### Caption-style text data
Start of Block

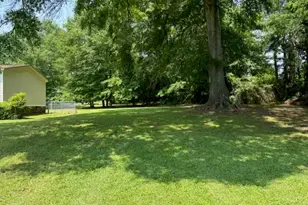 1051 MacDonald St, Tignall, GA 30668 - Photo 32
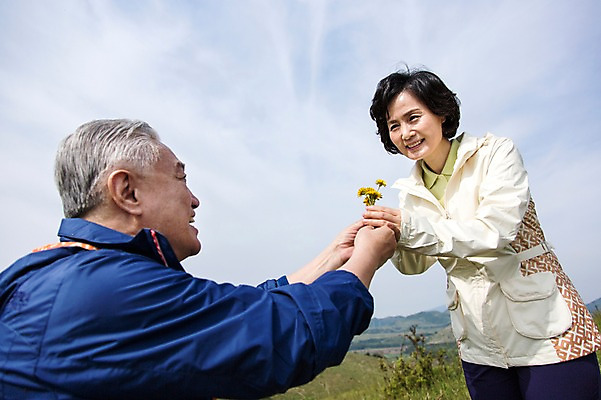 포토 JPG 주간 식물 라이프스타일 부부 커플 여자 할아버지 노년 남자 꽃 할머니 프로포즈 하늘 한국 아웃도어 서기 미소 웃음 들기 사람 동양인 상반신 야외 두명 옆모습 실버라이프 제주도 노부부 활발 한국인 60대 상쾌 용눈이오름 노인만 국내포토 자연요소 감정 아시아 뷰포인트 컨셉 관계 모션 산 표정 인종 성인 생활 성인만 파일형식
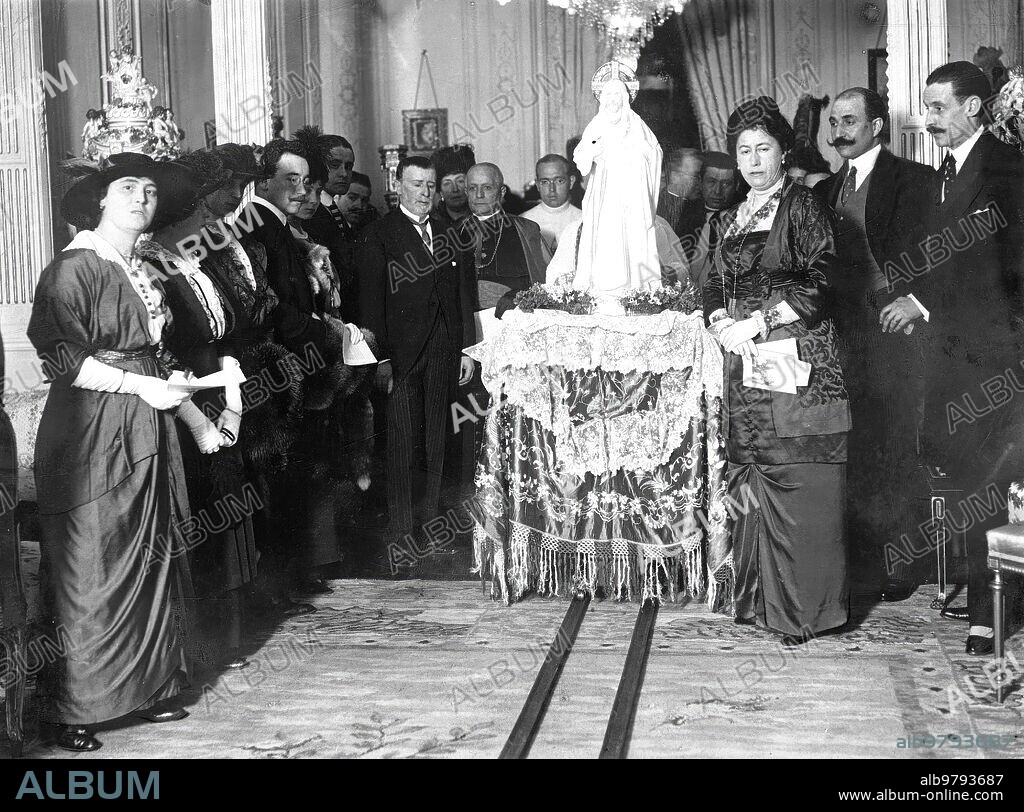 ALFONSO SÁNCHEZ PORTELA. Madrid, 1915. En el palacio de los Marqueses de Torrelaguna. El nuncio de S. S. , los dueños de la casa y los aristocráticos invitados (entre ellos el Marqués de Ugena) asisten a la ceremonia de consagrar aquel hogar al Sagrado Corazón de Jesús.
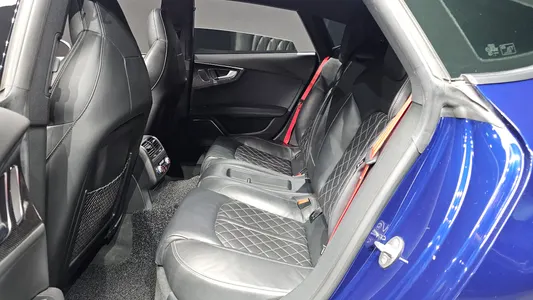 Audi S7 4.0 TFSI 2013 11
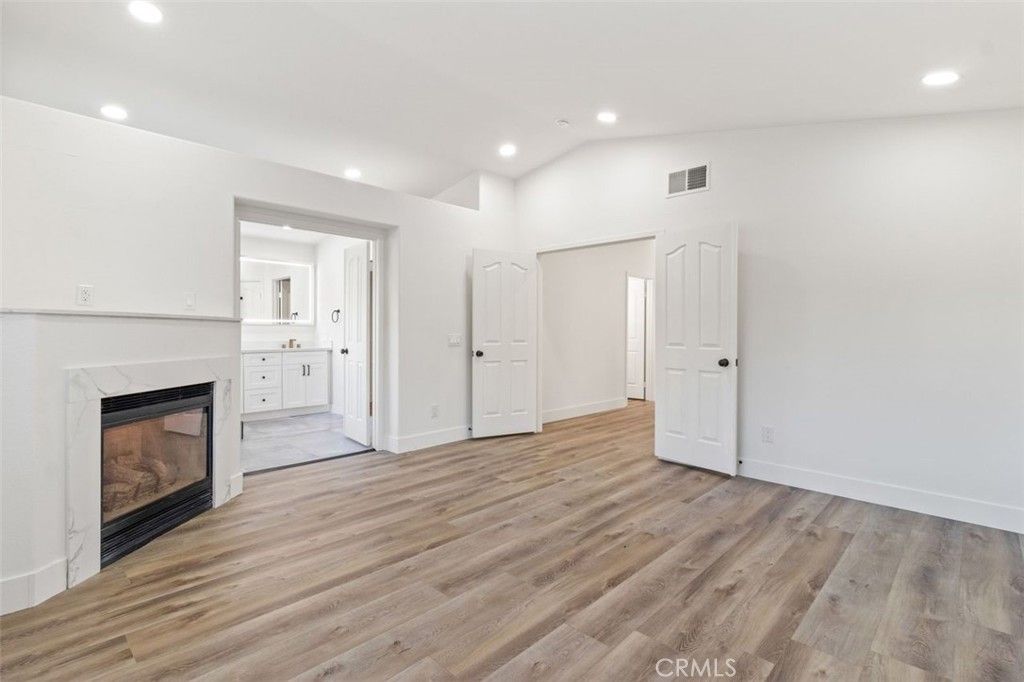 Image 17 of property listing at 14439 Grandiflors, Canyon Country, CA 91387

End of Block

### Task objective
Return verbatim every line from the one holding "ALFONSO SÁNCHEZ PORTELA." to the end of the records above. Do not copy the pictures.

### Written response
 ALFONSO SÁNCHEZ PORTELA. Madrid, 1915. En el palacio de los Marqueses de Torrelaguna. El nuncio de S. S. , los dueños de la casa y los aristocráticos invitados (entre ellos el Marqués de Ugena) asisten a la ceremonia de consagrar aquel hogar al Sagrado Corazón de Jesús.
 Audi S7 4.0 TFSI 2013 11
 Image 17 of property listing at 14439 Grandiflors, Canyon Country, CA 91387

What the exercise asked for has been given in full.